*Supplied material*
________

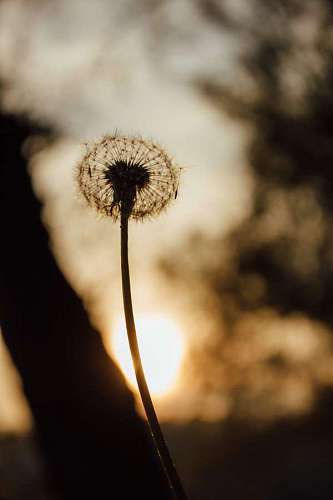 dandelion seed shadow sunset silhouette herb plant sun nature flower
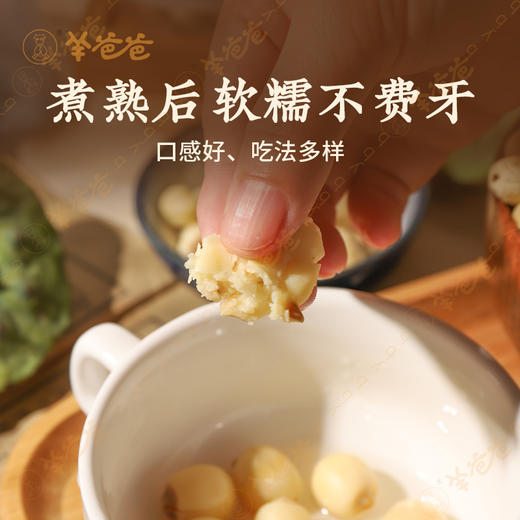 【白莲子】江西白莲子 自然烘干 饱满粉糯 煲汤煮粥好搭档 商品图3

________

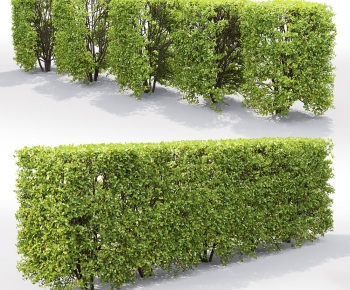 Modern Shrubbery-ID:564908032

________

What you write out is the stretch of entries from the line containing "dandelion seed shadow" to the line containing "饱满粉糯 煲汤煮粥好搭档 商品图3", word for word, with both end lines and no pictures.

*Response to this task*
 dandelion seed shadow sunset silhouette herb plant sun nature flower
 【白莲子】江西白莲子 自然烘干 饱满粉糯 煲汤煮粥好搭档 商品图3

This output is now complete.